What you are asked to do: From the first line to the last, restate the records word for word, skipping the pictures.

--- Data supplied Enclosed Below ---

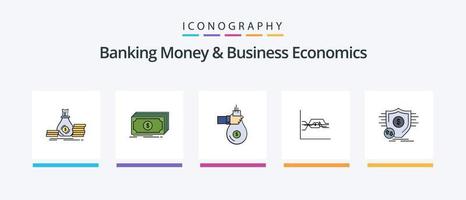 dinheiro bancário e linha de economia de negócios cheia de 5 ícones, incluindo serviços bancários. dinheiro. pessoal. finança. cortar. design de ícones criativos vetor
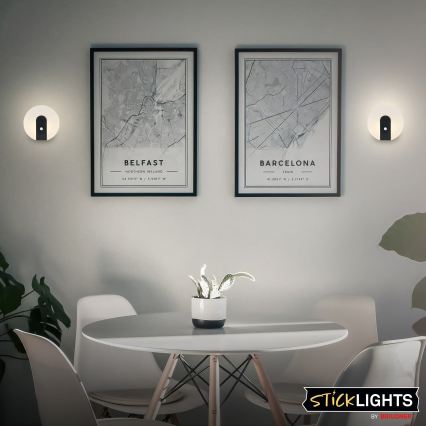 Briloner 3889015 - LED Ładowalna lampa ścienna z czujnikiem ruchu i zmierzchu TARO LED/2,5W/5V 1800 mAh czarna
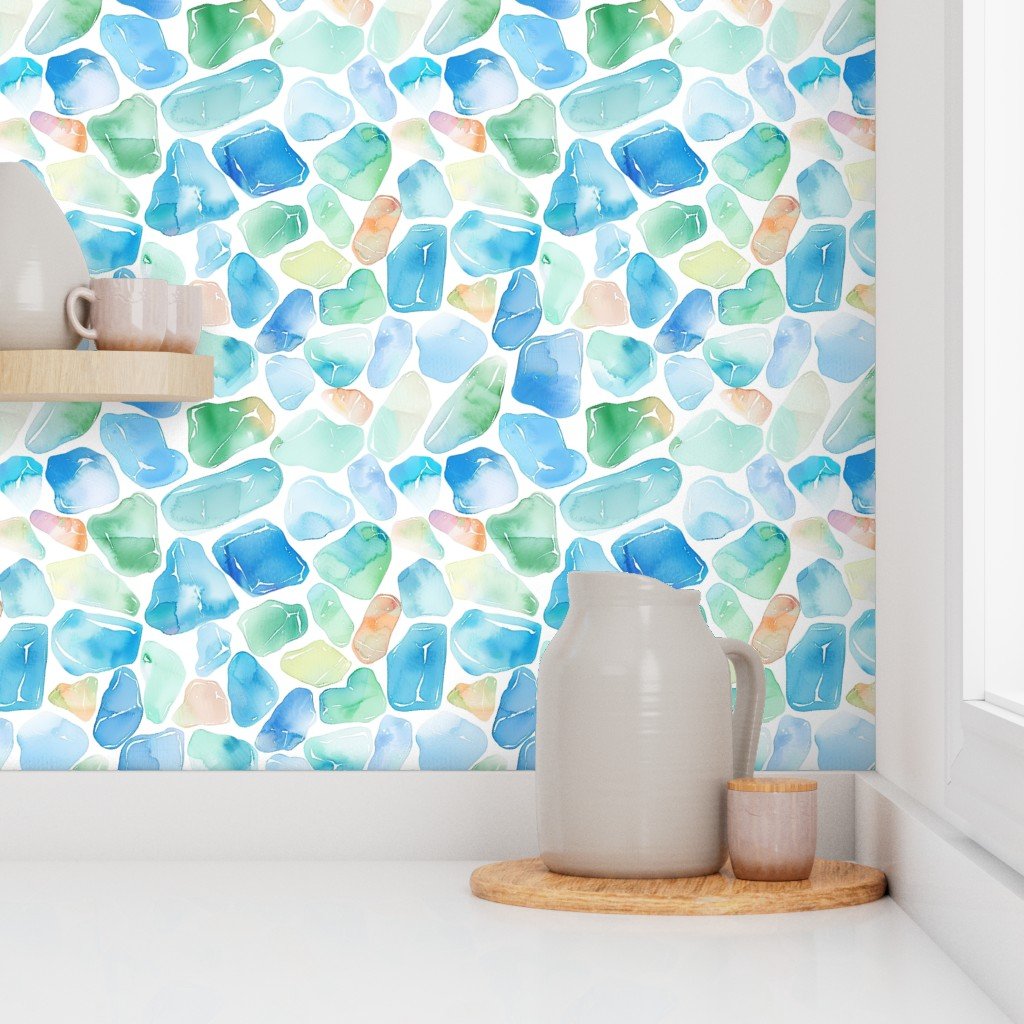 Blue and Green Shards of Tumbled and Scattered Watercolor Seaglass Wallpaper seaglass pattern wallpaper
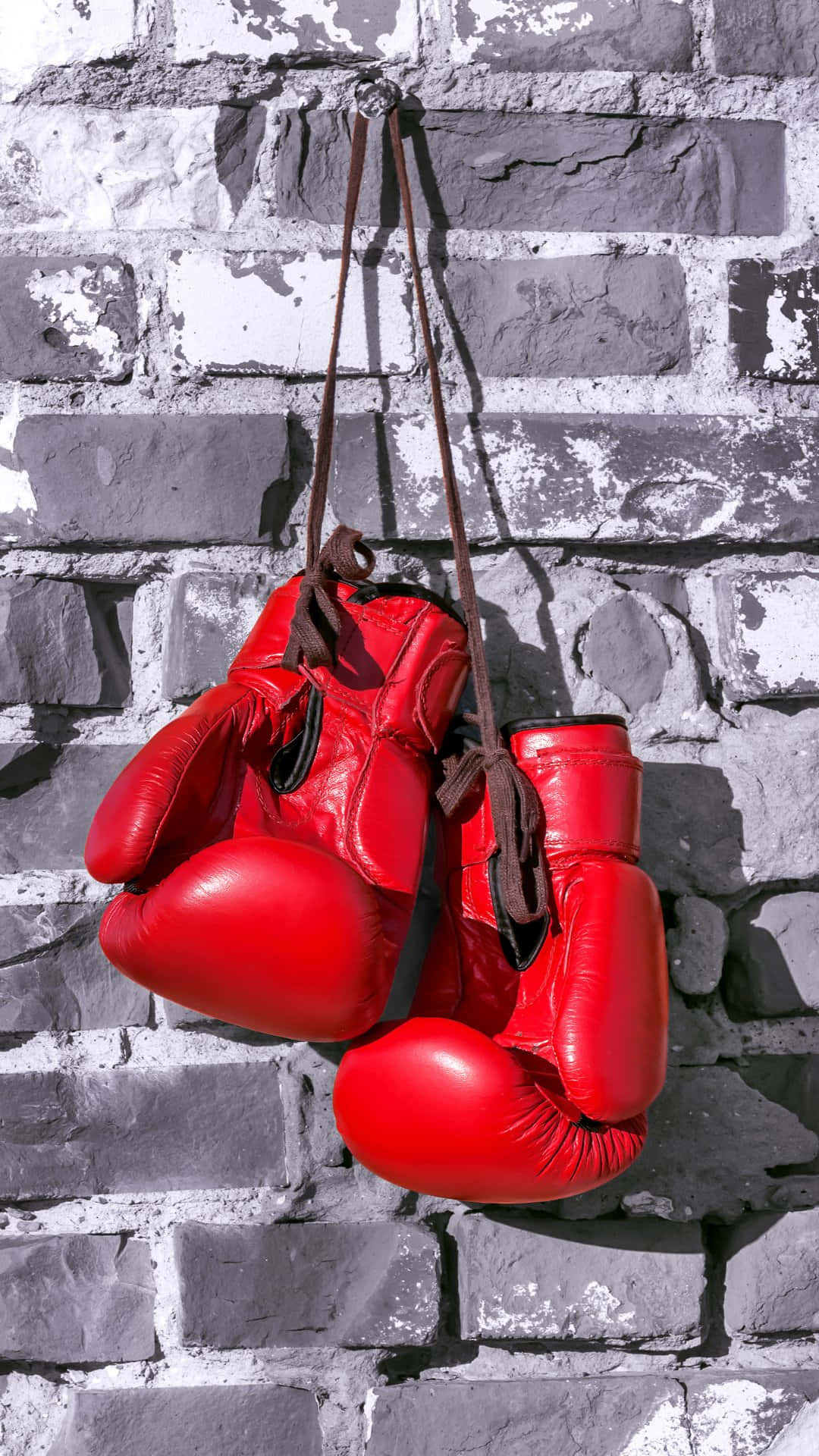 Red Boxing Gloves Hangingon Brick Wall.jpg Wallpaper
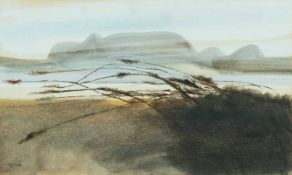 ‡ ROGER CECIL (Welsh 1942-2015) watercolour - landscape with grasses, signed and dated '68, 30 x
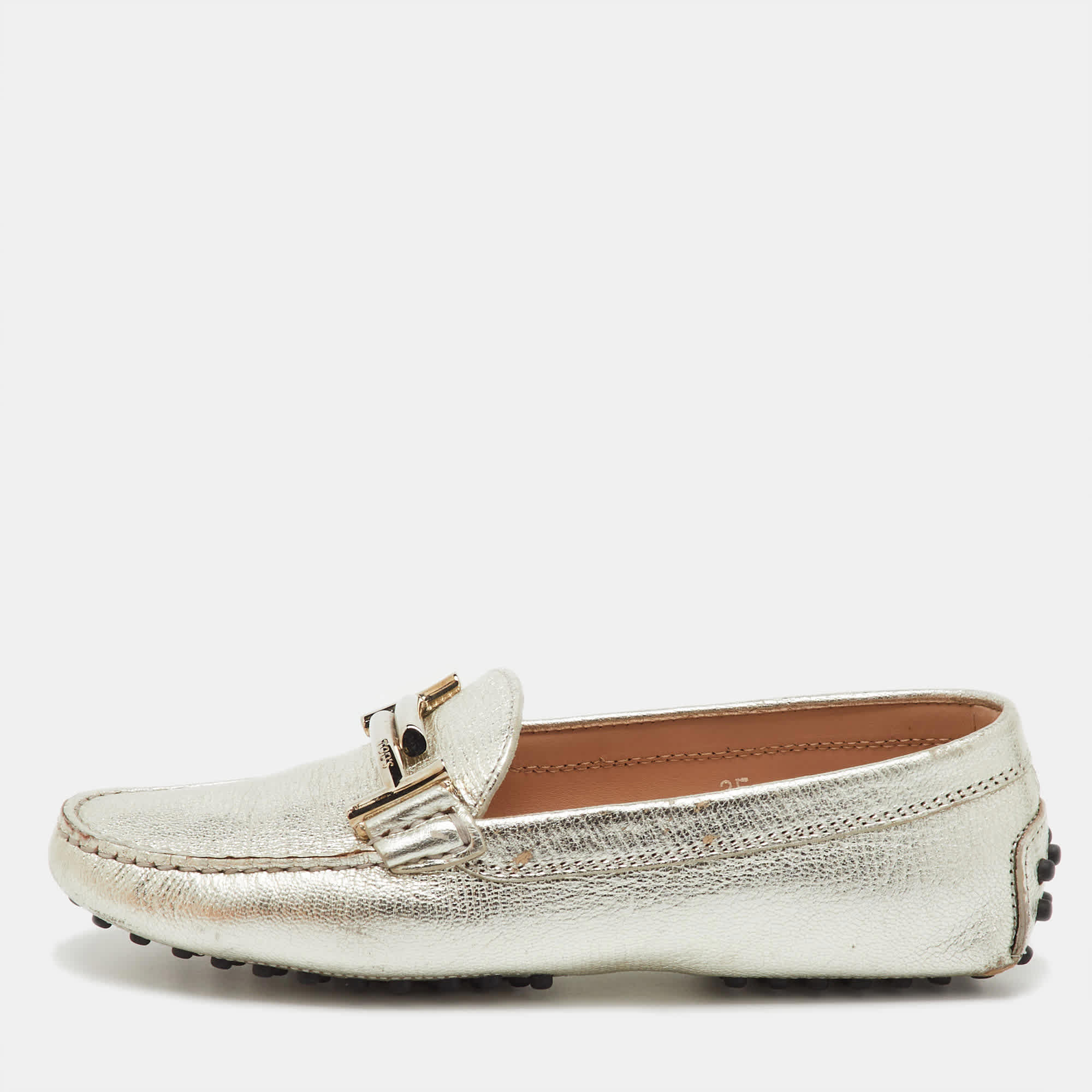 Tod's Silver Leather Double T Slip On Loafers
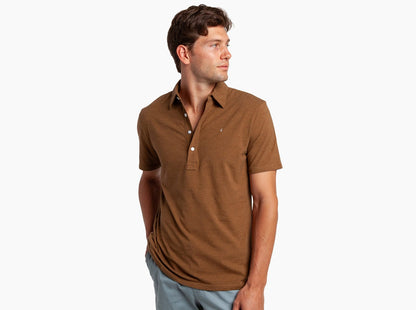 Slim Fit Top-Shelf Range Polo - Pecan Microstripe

--- End of Enclosed Data supplied ---

Response box:
 dinheiro bancário e linha de economia de negócios cheia de 5 ícones, incluindo serviços bancários. dinheiro. pessoal. finança. cortar. design de ícones criativos vetor
 Briloner 3889015 - LED Ładowalna lampa ścienna z czujnikiem ruchu i zmierzchu TARO LED/2,5W/5V 1800 mAh czarna
 Blue and Green Shards of Tumbled and Scattered Watercolor Seaglass Wallpaper seaglass pattern wallpaper
 Red Boxing Gloves Hangingon Brick Wall.jpg Wallpaper
 ‡ ROGER CECIL (Welsh 1942-2015) watercolour - landscape with grasses, signed and dated '68, 30 x
 Tod's Silver Leather Double T Slip On Loafers
 Slim Fit Top-Shelf Range Polo - Pecan Microstripe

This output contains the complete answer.